» PROMPT
Start at the line in the entries below that contains "Read BAITS chapter 25 image 31 on Lezhin", stop at the line that contains "Khujo Trenchcoat Mit", and output exactly the lines in that span, both ends included.
++++ INFORMATION SUPPLIED
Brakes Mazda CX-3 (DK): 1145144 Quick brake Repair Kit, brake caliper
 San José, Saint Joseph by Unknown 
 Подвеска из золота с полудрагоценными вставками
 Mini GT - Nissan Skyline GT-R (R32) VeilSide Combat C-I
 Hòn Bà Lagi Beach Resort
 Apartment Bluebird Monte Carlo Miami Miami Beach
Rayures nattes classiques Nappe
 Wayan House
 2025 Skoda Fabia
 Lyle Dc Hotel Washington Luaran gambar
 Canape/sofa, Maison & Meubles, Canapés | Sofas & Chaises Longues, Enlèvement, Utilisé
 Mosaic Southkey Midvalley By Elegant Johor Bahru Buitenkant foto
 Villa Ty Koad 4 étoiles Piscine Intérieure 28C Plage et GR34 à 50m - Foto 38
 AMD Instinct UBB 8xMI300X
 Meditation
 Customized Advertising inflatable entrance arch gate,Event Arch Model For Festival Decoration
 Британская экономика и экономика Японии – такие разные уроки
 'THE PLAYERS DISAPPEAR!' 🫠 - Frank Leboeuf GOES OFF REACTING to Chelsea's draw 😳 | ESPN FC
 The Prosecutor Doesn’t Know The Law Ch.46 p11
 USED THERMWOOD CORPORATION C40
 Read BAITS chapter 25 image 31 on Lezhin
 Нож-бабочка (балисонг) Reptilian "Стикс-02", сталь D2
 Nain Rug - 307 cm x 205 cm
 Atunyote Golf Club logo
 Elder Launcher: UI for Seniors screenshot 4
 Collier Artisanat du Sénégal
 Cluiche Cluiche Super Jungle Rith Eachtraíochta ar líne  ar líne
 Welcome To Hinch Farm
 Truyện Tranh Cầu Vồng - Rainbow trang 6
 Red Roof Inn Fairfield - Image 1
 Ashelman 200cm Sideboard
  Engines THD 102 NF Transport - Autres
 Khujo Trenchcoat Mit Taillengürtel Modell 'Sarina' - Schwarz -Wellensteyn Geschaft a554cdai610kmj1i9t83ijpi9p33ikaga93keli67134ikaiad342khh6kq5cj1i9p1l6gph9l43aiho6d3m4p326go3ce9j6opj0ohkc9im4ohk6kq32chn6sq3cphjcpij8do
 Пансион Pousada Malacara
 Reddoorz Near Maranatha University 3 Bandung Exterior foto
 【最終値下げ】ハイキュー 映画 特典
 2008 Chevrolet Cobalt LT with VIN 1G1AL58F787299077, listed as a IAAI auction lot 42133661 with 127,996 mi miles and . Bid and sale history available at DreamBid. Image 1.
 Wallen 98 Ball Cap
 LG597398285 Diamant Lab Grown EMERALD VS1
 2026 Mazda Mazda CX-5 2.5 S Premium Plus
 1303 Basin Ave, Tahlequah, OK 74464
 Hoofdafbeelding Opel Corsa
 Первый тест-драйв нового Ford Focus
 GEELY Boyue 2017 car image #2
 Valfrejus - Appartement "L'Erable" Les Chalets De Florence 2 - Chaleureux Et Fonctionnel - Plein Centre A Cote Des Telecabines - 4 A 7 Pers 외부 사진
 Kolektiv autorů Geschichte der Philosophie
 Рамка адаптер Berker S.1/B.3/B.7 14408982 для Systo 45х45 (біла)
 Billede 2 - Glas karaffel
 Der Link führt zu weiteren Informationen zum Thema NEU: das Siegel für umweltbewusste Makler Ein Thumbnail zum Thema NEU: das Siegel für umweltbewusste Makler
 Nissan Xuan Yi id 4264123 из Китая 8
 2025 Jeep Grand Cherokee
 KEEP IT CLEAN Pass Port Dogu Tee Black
++++++++
» SOLUTION TO THIS PROBLEM
 Read BAITS chapter 25 image 31 on Lezhin
 Нож-бабочка (балисонг) Reptilian "Стикс-02", сталь D2
 Nain Rug - 307 cm x 205 cm
 Atunyote Golf Club logo
 Elder Launcher: UI for Seniors screenshot 4
 Collier Artisanat du Sénégal
 Cluiche Cluiche Super Jungle Rith Eachtraíochta ar líne  ar líne
 Welcome To Hinch Farm
 Truyện Tranh Cầu Vồng - Rainbow trang 6
 Red Roof Inn Fairfield - Image 1
 Ashelman 200cm Sideboard
  Engines THD 102 NF Transport - Autres
 Khujo Trenchcoat Mit Taillengürtel Modell 'Sarina' - Schwarz -Wellensteyn Geschaft a554cdai610kmj1i9t83ijpi9p33ikaga93keli67134ikaiad342khh6kq5cj1i9p1l6gph9l43aiho6d3m4p326go3ce9j6opj0ohkc9im4ohk6kq32chn6sq3cphjcpij8do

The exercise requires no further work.